| I've spent 10 years writing security critical C code. There's no problem writing secure code in C. You just have to stop being clever and prioritize security above "speed". Your code will probably be fast enough anyway. If it's too slow, then you probably have an issue with which algorithm/data structure you chose and would have had the same issue in another language. The biggest issue I have with C today is that you can't trust that your compiler actually generates code that is 1:1 with what you wrote. I'm not talking about UB here, your compiler can actually remove code/checks even though you don't invoke UB. Then we have UB, I think UB should be removed from the spec completely. There probably was a point in time when leaving stuff as UB was the best option, but today speed is seldom the problem, correctness is. I no longer work as a C programmer, but I still love the language and I really enjoy writing C code, but I really would like to get rid of UB and have a compiler I can trust to generate code even when I turn on optimizations, and having optimizations off is not an option either, since it can generate broken code as well, so... |
Especially when you add this line, you're telling me that what you want is not to program in C but to program in a language which differs from C not in syntax but in semantics, and in otherwise vaguely undefined terms [1] there. And you're mad that compilers implement C instead of your not-C.

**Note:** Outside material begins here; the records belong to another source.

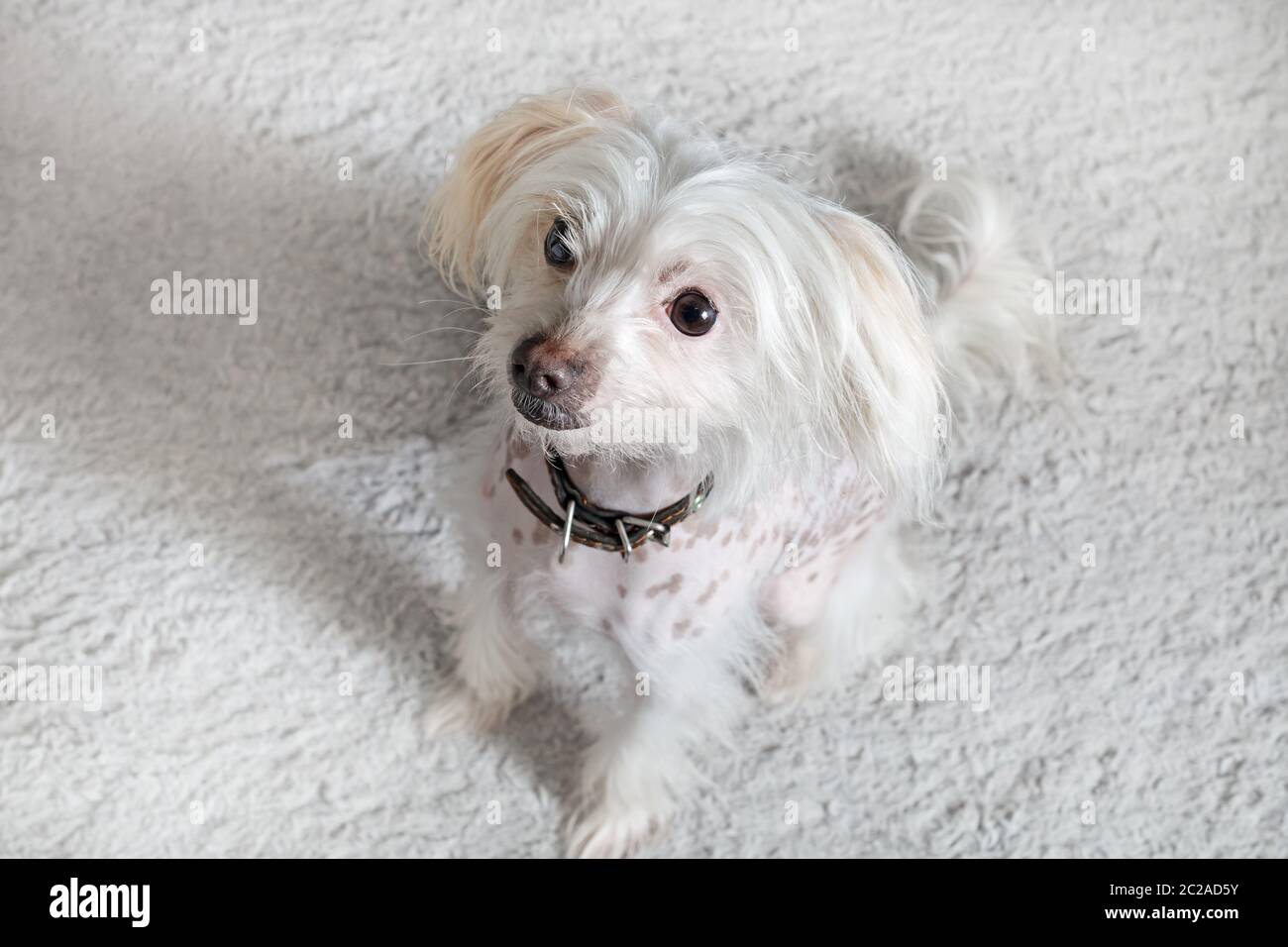 Il cinese crested cane femmina sulla seduta grigio chiaro morbido tappeto. Messa a fuoco selettiva. Foto Stock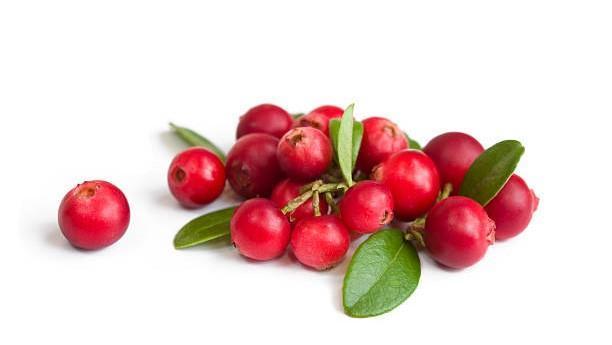 Los cranberries o arándanos rojos, una rica fuente de compuestos bioactivos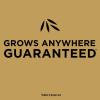 imageScotts EZ Seed Patch and Repair Tall Fescue Lawns 375 lb  Combination Mulch Seed and Fertilizer  Tackifier Reduces Seed WashAway  Mix Covers up to 85 sq ft40 lb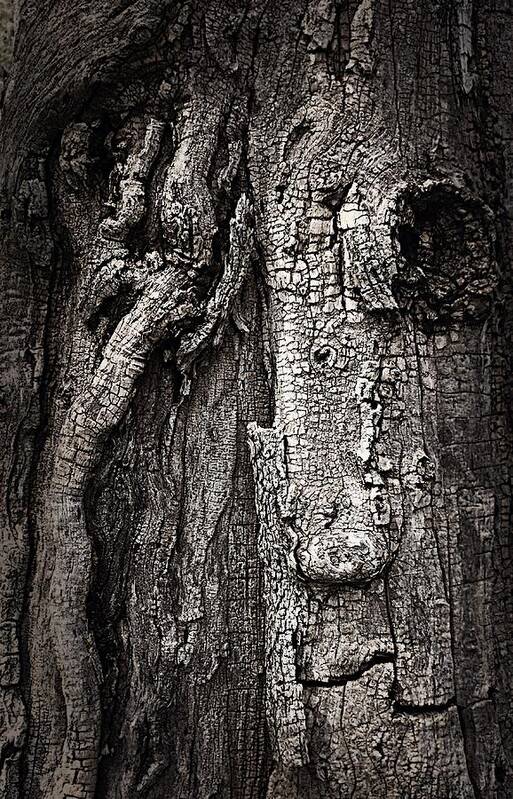  Art Print featuring the photograph Face in a tree by JoAnn Lense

I find claims that you can safely write secure code in C hard to believe when you marry them with complaints about compilers not implementing not-C correctly. Especially given that virtually every new sanitizer and static analysis tool to find issues in C code manages to turn up issues in code that is rigorously tested to make sure it passes every known prior tool (e.g., SQLite).
[1] From prior experience, this tends to be best distilled as "the compiler must read the programmer's mind."